At least it was something. She took the book from Zinnia and read the instructions out loud. “?‘Sanctify the space by drawing the invoking pentacle on the Magus with your thyrsus. Form the circle, give the Invocation, and make the Qabbalistic Cross to Ground your Cone of Power.’ What’re they talking about?”
Rose took the book back.
“?‘Make the sign of the Rending of the Veil in the four Elemental Directions,’?” she read. She flipped back a few pages. “?‘Read free…perform the eight sabbaths and twelve esbats skyclad.’ A ‘cingulum’? This book is cracked.”

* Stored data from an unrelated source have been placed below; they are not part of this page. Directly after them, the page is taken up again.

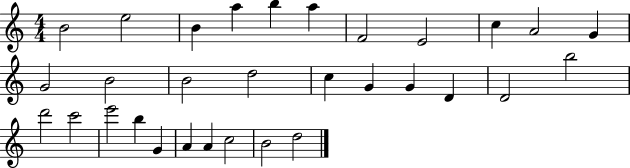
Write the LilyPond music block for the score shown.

{
  \clef treble
  \numericTimeSignature
  \time 4/4
  \key c \major
  b'2 e''2 | b'4 a''4 b''4 a''4 | f'2 e'2 | c''4 a'2 g'4 | \break g'2 b'2 | b'2 d''2 | c''4 g'4 g'4 d'4 | d'2 b''2 | \break d'''2 c'''2 | e'''2 b''4 g'4 | a'4 a'4 c''2 | b'2 d''2 | \break \bar "|."
} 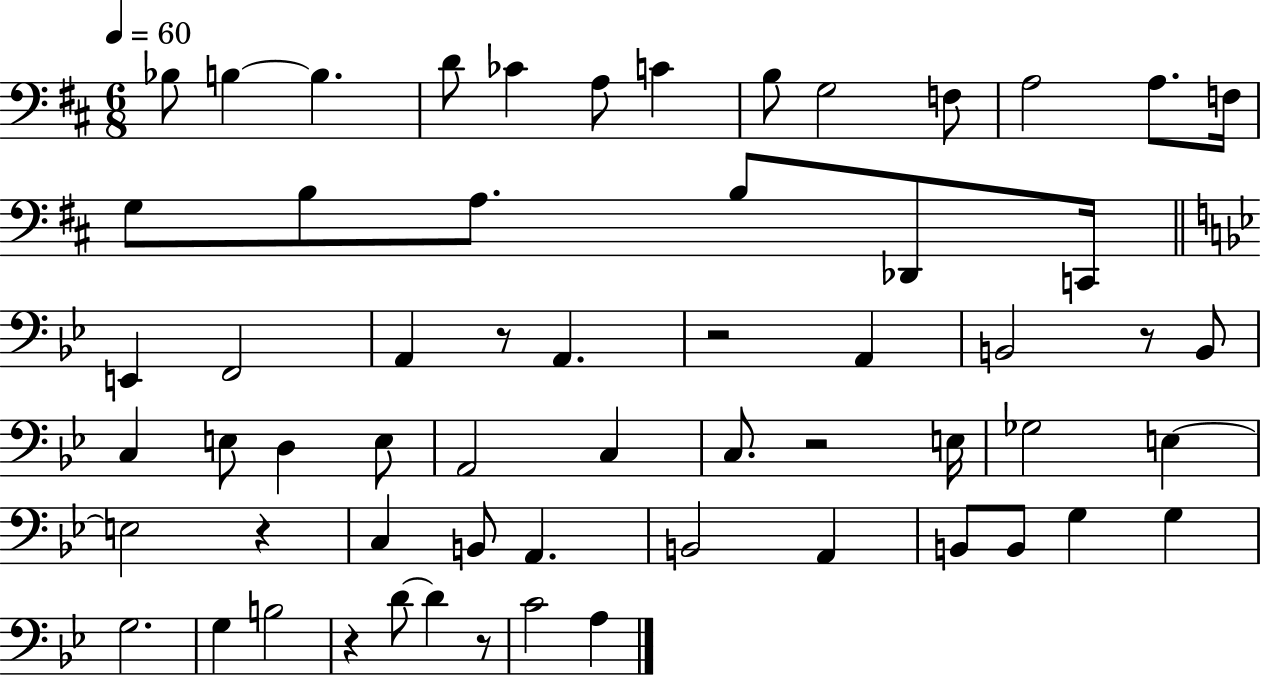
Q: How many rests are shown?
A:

“We’re probably not supposed to understand it,” Zinnia said. “If this book is full of powerful spells, don’t you think witches would try to keep it secret? If they gave it all away for ninety-five cents, then the skies would be full of people flying around on broomsticks.”
Rose flopped down on the other bed.
“Now what?” she asked the room.
There was a long silence.
“Power’s only useful if you know how to use it,” Zinnia said. “None of us can understand a word of this book. Besides the spell that stopped me from being sick, there’s nothing in here that can’t be done with a bottle of conditioner and some cold cream.”
She was right. Except for Turnabout, they couldn’t make sense of any of the spells. Fern had felt the magic. She had seen it happen. Now it had slipped through her fingers, leaving her more frustrated than before.
Something banged on the bedroom door.
“Oh my God!” Zinnia said, clutching her chest.
“Y’all traded jobs to work in my kitchen!” Hagar shouted from the hall. “Y’all better get downstairs and work!”